What you will do:
The records below hold a stretch from the line with "Чорна пухова куртка premium oversize 5" through the line with "Map of ST. Neots, Cambridgeshire"; return exactly those lines, ends included, and nothing more.

Items listed in a dataset:

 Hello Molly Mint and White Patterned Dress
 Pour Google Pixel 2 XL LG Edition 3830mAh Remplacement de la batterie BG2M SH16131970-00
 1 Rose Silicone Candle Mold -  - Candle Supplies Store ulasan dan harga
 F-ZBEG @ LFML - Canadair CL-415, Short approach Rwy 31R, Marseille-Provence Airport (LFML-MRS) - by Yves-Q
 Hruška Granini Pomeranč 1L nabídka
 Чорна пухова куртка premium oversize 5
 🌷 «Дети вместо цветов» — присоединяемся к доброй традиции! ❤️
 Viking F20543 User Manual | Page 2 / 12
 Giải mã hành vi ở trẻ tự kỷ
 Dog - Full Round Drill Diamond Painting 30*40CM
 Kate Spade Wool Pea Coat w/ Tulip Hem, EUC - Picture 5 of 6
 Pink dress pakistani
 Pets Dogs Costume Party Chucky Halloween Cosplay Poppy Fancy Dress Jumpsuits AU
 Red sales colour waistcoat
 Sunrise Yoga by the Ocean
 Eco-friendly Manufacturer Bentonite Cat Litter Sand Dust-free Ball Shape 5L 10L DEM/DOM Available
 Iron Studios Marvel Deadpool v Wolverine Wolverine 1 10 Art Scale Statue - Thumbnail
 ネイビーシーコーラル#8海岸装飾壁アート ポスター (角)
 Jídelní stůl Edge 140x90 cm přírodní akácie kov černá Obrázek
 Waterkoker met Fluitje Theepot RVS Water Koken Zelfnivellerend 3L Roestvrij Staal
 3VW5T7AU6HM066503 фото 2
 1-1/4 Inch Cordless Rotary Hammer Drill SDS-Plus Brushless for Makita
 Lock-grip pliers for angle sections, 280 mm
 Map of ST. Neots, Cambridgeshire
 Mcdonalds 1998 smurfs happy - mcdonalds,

Solution to this problem:
 Чорна пухова куртка premium oversize 5
 🌷 «Дети вместо цветов» — присоединяемся к доброй традиции! ❤️
 Viking F20543 User Manual | Page 2 / 12
 Giải mã hành vi ở trẻ tự kỷ
 Dog - Full Round Drill Diamond Painting 30*40CM
 Kate Spade Wool Pea Coat w/ Tulip Hem, EUC - Picture 5 of 6
 Pink dress pakistani
 Pets Dogs Costume Party Chucky Halloween Cosplay Poppy Fancy Dress Jumpsuits AU
 Red sales colour waistcoat
 Sunrise Yoga by the Ocean
 Eco-friendly Manufacturer Bentonite Cat Litter Sand Dust-free Ball Shape 5L 10L DEM/DOM Available
 Iron Studios Marvel Deadpool v Wolverine Wolverine 1 10 Art Scale Statue - Thumbnail
 ネイビーシーコーラル#8海岸装飾壁アート ポスター (角)
 Jídelní stůl Edge 140x90 cm přírodní akácie kov černá Obrázek
 Waterkoker met Fluitje Theepot RVS Water Koken Zelfnivellerend 3L Roestvrij Staal
 3VW5T7AU6HM066503 фото 2
 1-1/4 Inch Cordless Rotary Hammer Drill SDS-Plus Brushless for Makita
 Lock-grip pliers for angle sections, 280 mm
 Map of ST. Neots, Cambridgeshire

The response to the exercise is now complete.